だが耳長を非力の代名詞でもある水棲族がどうにかできるわけもなく、メルはかすかに揺れることすらなかった。
「いいかメル、ユリシーズのエリクシルはそのままユリシーズの命なんだぞ。なくなったら消えるんだからな? 本当にわかってんのか? 根源錬金術が起動している間は何度でもよみがえるけど記憶は引き継がれないんだぞ? それは結局別人ってことだ。分かるか」
「知ってるって! うるさいな! 全部吸い取るわけないだろ。もー! そろそろ召集時間だからいく」
メルは跳ねるように立ち上がると、振り返りもせず部屋を出て行く。彼女の苛立ちを代弁するように、纏め上げたポニーテールの髪が勢い良く揺れていた。
「メイルをいじめるな。それと、私を名前で呼ぶな」
「ユリシーズ、お前からもいえよ、いいのかよものの弾みで自分が消えるかもしれないんだぞ? 錬金術が想像以上の消費しただけで吸い取られるんだからな」
「知っている。それでかまわない」
「やめときなってヘイズ。何度目さ。もののけも耳長も人間達と違って頑固だししょうがないって」
「……わかってるよ」
優男の顔を歪ませてヘイズはため息を飲み込む。管理錬金術師たちが使っている詰所の医務室は広く、見回せば他にも何人かけがをした錬金術師たちが治療を受けたり、寝ていたりしていた。

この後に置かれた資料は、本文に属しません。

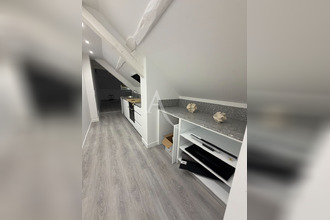  appartement chevry-cossigny 77173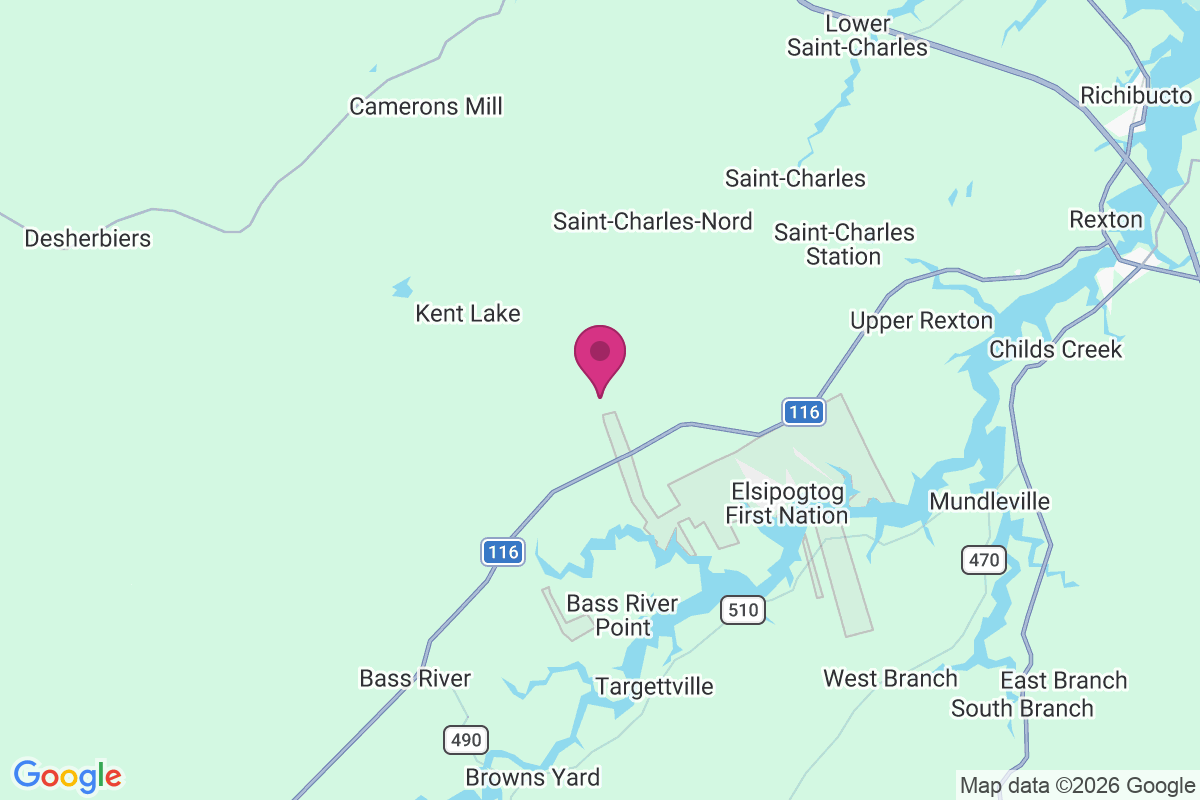 Carte de Aldouane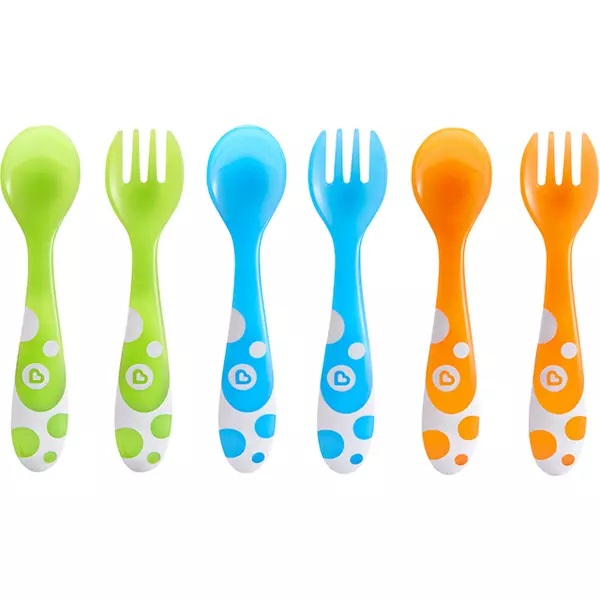Set 6 tacamuri Munchkin Multi, 12L+ - imagine 7
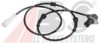 ALFA 60812395 Sensor, wheel speed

そして皆が皆静かにこちらを見ていた。その視線は言っている、「メルを困らせるな」と。
「まったく。困ったお姫様だよ」
耳長族最年少の試験合格者。生まれ持った特殊な技能ではなく、ただただ錬金術の実力試験だけで管理錬金術師になった最年少の少女。齢五十歳。人間でいったら十歳ちょっとだ、人間の中にまれにいる錬金術の理を理解する特殊な人間ですらその年で入団している者はいない。
「甘やかされすぎだっつーの」
「やきもち?」
「バーカ。親心だよ」
部屋のどこからか忍び笑いが聞こえた。